According to David Sievers, along with the plays concerned with “flaming youth,” one of the most immediate effects of Freud on Broadway was a plethora of plays about the possessive or dominating mother, whose victim could be either son or daughter: “Matriarchy Rampant,” as he puts it. Such presentations of matriarchal dominance were clearly influenced by Freud and were popularly discussed under the rubric of the Oedipus complex. It was notorious and scandalous that during his own lifetime Freud came to be savagely disappointed with America and American Freudianism. “America is a mistake,” he once declared and he suggested to Max Eastman that he write a book entitled “America, the Miscarriage of a Nation." This was not just Freud’s Old European dislike of American democracy. His particular objection to America was that it was a “victim of the mother complex.” American Freudianism, professional and popular, tended to blame the domineering mother. The central difference between Freud and his American followers was that Freud had colored the incest wish masculine. American Freudianism unconsciously convicted its revered founder of being a mother’s boy.
The figure of the matriarch quickly became a stereotype. The irony of the twenties’ relatively direct and frequent emphasis on maternal incest and its relatively infrequent or indirect presentation of father-daughter incest (let alone male-to-male incest) is obvious. The matriarch is often a scapegoat, made to bear all the disfunction of family life in a patriarchal culture (the matriarchs are usually rich and unburdened by an effective or live husband).

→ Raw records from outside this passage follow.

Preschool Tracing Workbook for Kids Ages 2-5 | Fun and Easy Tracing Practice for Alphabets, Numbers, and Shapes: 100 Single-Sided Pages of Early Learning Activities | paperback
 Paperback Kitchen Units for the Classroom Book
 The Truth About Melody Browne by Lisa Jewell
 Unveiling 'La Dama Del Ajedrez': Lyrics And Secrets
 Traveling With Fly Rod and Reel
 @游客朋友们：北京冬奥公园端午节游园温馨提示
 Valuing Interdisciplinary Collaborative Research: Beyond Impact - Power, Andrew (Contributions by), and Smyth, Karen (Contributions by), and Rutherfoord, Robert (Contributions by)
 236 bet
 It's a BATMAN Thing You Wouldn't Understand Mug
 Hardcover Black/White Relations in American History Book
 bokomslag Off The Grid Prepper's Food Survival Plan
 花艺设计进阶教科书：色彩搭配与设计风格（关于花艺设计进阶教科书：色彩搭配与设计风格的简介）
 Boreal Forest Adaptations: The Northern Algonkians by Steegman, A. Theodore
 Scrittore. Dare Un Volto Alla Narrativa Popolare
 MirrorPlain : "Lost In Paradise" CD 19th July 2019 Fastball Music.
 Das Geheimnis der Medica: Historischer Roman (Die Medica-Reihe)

“And a man’s foes shall be they of his own
household.” Matthew 10.36.
Nevertheless, that “civilized morality” Freud identified, “the dominant American ideal until 1912” did much to render mother-son relations traumatizing. The leading idea of civilized morality was purity. Churches were active in its promulgation. Women “who were over-represented among the converts, believed…it was the special mission of their sex to uphold the moral standards of society.” As well, there was an accompanying physio-logical argument, to which we have seen even Freud was subject.
Semen and female sexual excretions (“the delicious juices of life”) wasted energy – which was conceived as a limited material stock—needed for the economic and moral life: “precious energizing substances,” a physician wrote, “must not be lost." Civilized morality, in which clergy and the religious, medical men and feminists concurred, involved delayed marriages, small family size and purity within marriage. A slogan of The Women’s Christian Temperance Union was “The White Life for Two” (hence the irony of those lovely, corrupt twenties girls in white in The Great Gatsby).
According to Freudian historians—even Nathan Hale—civilized morality was the illness, Freud the cure. As Hendrik Ruitenbeck put it, “Psychoanalysis and Puritanism…stand in basic conflict." Damn braces, bless relaxes: how familiar is this story? Civilized morality may be said to have “repressed sexuality,” but it might be more accurate to say that it traumatized sexuality. Civilized morality began with the strict supervision of children, often accompanied by the aggressive use of religion.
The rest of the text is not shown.